If deflation is coming (not saying it is, but wouldn’t be surprised), not sure the the LT Bonds would be able to compensate for the losses in stocks and gold that would be seen.
Looking at the historical results, I don’t think that is a scenario that the portfolio has faced up to now.
I know you have heard this all before…
Keep up the good work.
about 1 month ago
J,
You may like this recent post that discusses what you are asking:
http://crawlingroad.com/blog/2010/01/12/what-asset-will-do-best/
Last year I was reading advice telling people to avoid stocks because they were over priced and the Dow would drop to something like 4000. Stocks instead posted almost 30% gains. In 2008 I was reading advice saying inflation was coming when gas was around $4 a gallon and avoid Long Term bonds. Long Term bonds posted 30% gains. In 2007 I was reading advice telling people to diversify into real estate and stocks because bonds were a drag on portfolio performance. In that year the real estate market started to crash.
I could go on, but I think I’ve made the point. The markets are not predictable. I don’t care how many PhDs a person has, how many books they’ve written, how many magazine columns they’ve penned or how many interviews they’ve given on CNBC. Nobody can predict the future.
It’s possible that stocks and gold could fall in price. But it’s also possible that they won’t. It may seem counterintuitive, but if you own all the assets all the time you are actually safer vs. concentrating your bets. On a concentrated bet if you are wrong you can lose a tremendous amount of money. By distributing your investments however you mitigate the damages and are far less likely to encounter a “black swan” type event that does serious damage to your net worth.
There are no guarantees in life, but diversifying your savings is usually the best course of action.
about 1 month ago
Thanks for the informative site. What do you think about using some basket of commodities instead of or in addition to some gold as a way of providing more diversification for this portion of the portfolio?
about 1 month ago
Gold works the best. It’s a commodity and it’s also a monetary metal so you get two types of protection against inflation. Browne talked about this same question in one of his shows, I think October, 24, 2004. Commodities can have bull and bear markets that have nothing to do with threats of inflation. 2008 for instance saw commodities fall through the floor. But gold was up about 5% because when banks were teetering on collapse, and trillions of dollars in money being used for bail outs, people would rather own gold if they think inflation is going to be bad.
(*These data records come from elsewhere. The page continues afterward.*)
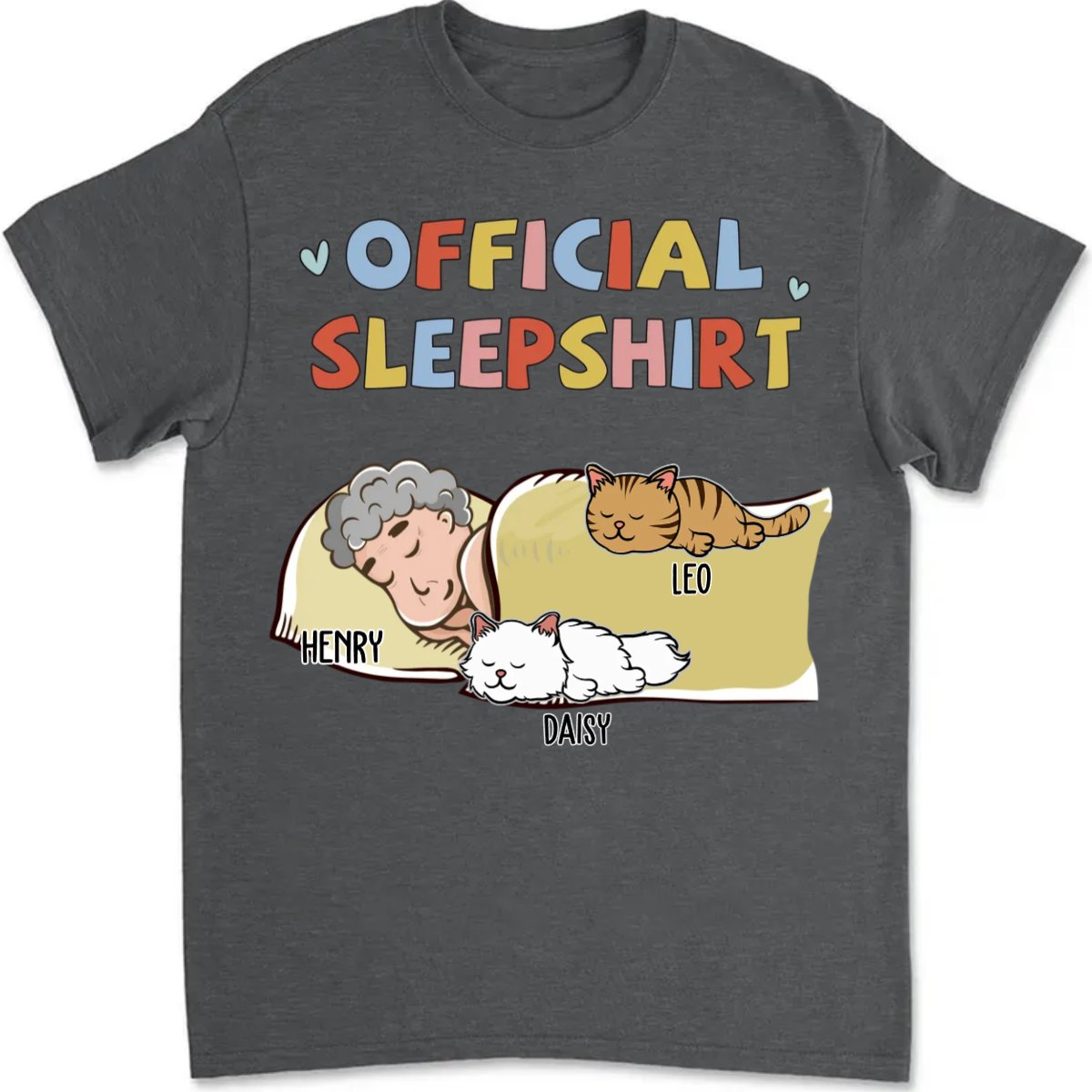 Cat Lovers - Official Sleep Shirt - Personalized T - Shirt - The Next Custom Gift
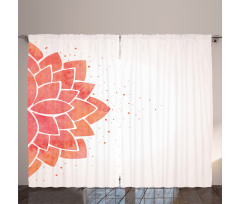 Aquarelle Half Flower Curtain
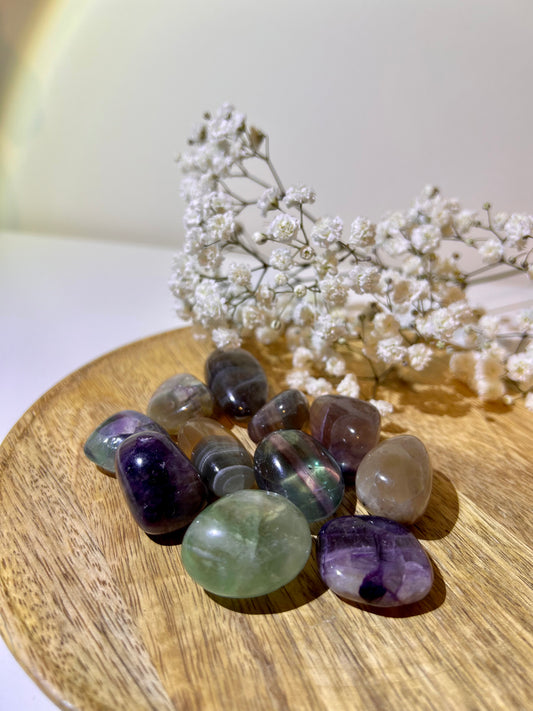 Regenboog fluoriet - Gemstone Dreams
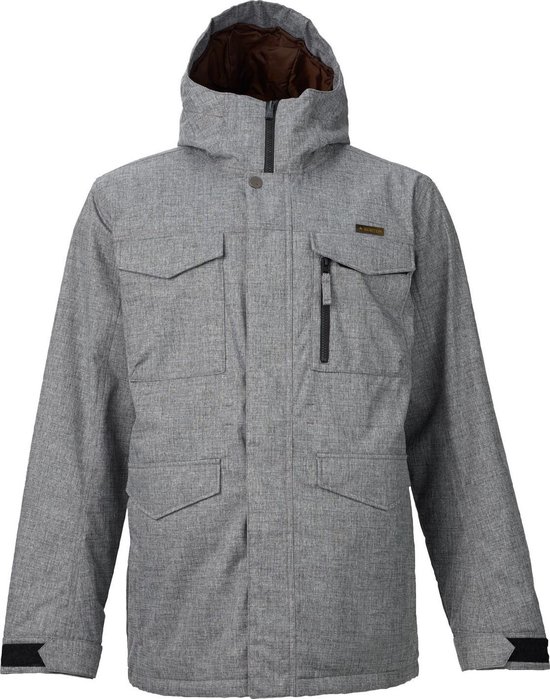| Burton Covert Jacket Heather Bog XL Burton Covert jacket heren snowboard jas grijs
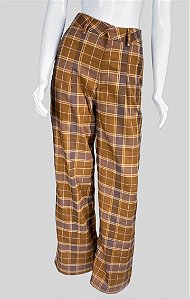 Calça xadrez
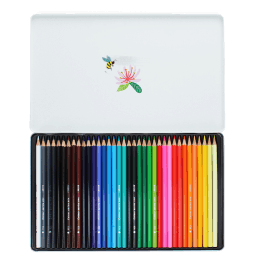 wonder of nature 36 colouring pencils in tin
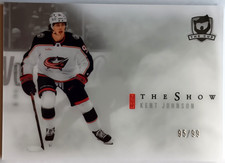 2022-23 UD The Cup The Show Kent Johnson /99 Columbus Blue Jackets 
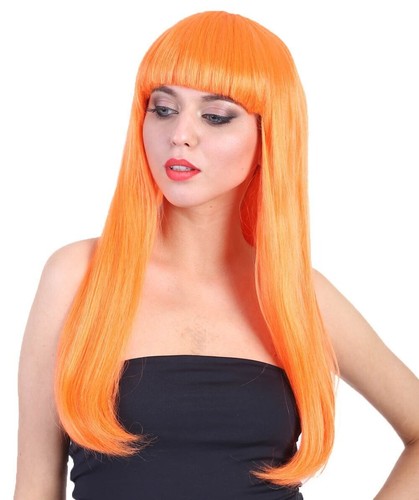 Adult Women's Long Length Party Girl Blonde Wig with Bangs | Multi Color PTB-001 - Picture 54 of 57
Also, I just don’t think you can diversify better than gold for a hard asset. When currencies are having problems, people think gold and not a basket of commodities. Finally, most commodity exposure is with opaque commodity futures funds and these can have many risks hidden inside of them. Gold is really simple to understand. You can own it physically or use a fund to get exposure if you need to. But it’s simple to understand and store vs. barrels of oil, wheat, etc.